**Exercise prompt**: Only the pictures are to be left out; write out the rest of the data exactly.

**Material for the task**:
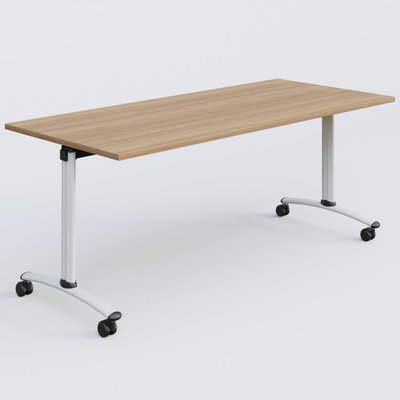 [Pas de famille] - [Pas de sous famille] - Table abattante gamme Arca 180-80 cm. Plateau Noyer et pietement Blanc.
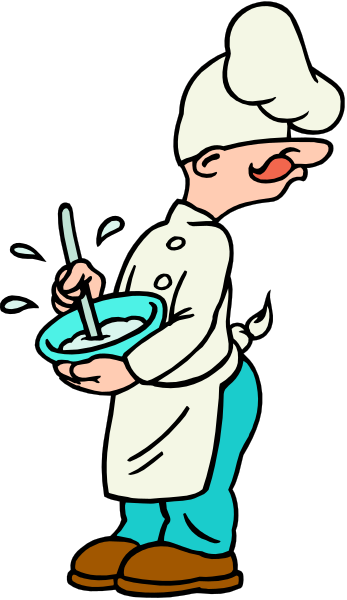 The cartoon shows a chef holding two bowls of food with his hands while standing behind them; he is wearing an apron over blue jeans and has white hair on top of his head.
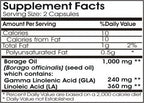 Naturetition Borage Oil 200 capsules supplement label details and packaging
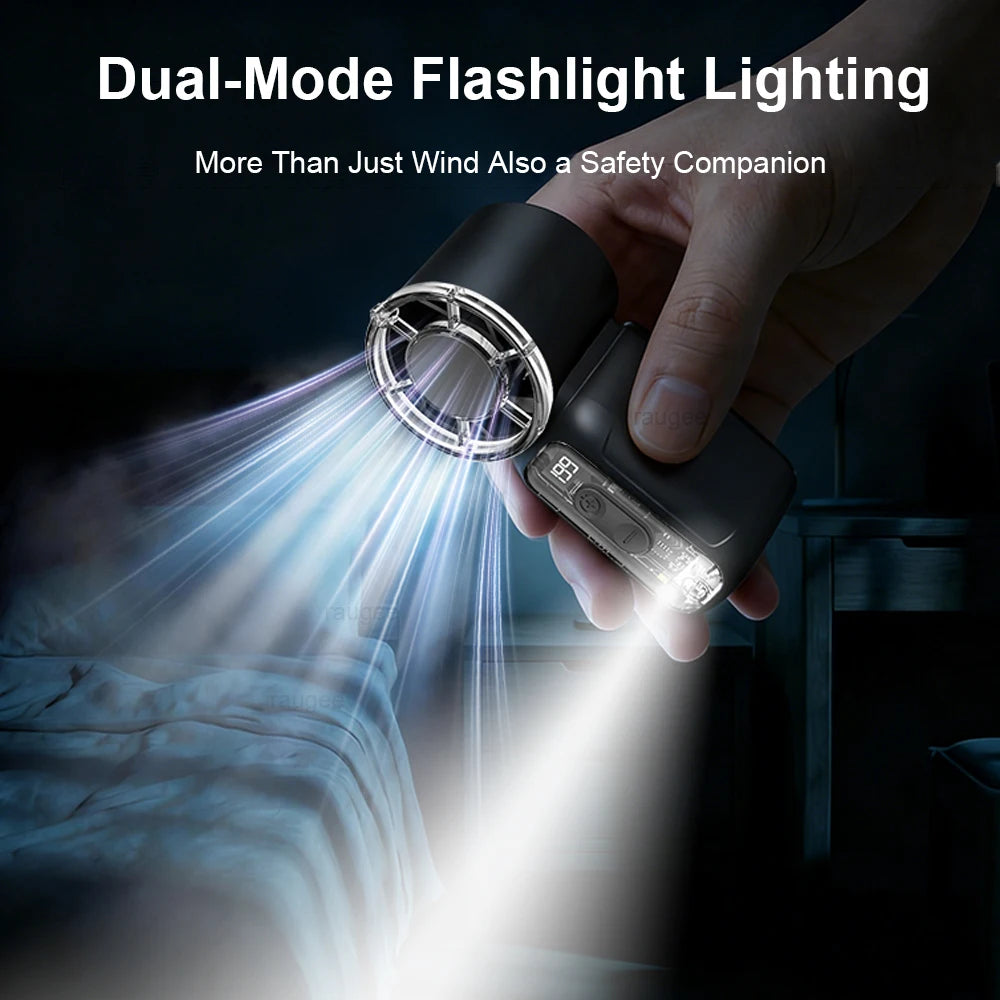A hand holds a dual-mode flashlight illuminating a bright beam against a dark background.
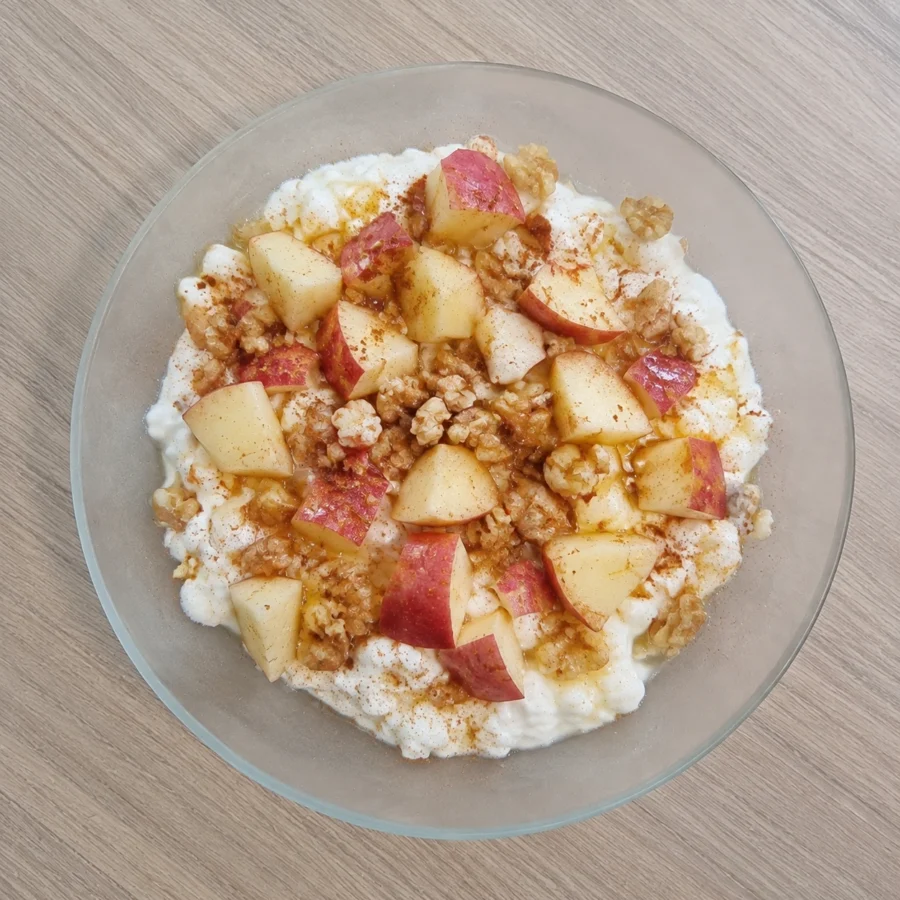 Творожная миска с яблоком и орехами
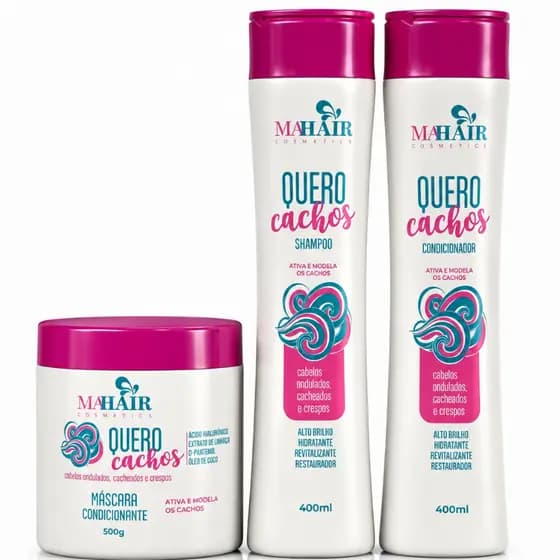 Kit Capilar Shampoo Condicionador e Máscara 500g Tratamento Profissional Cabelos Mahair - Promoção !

**Exercise solution**:
 [Pas de famille] - [Pas de sous famille] - Table abattante gamme Arca 180-80 cm. Plateau Noyer et pietement Blanc.
 The cartoon shows a chef holding two bowls of food with his hands while standing behind them; he is wearing an apron over blue jeans and has white hair on top of his head.
 Naturetition Borage Oil 200 capsules supplement label details and packaging
A hand holds a dual-mode flashlight illuminating a bright beam against a dark background.
 Творожная миска с яблоком и орехами
 Kit Capilar Shampoo Condicionador e Máscara 500g Tratamento Profissional Cabelos Mahair - Promoção !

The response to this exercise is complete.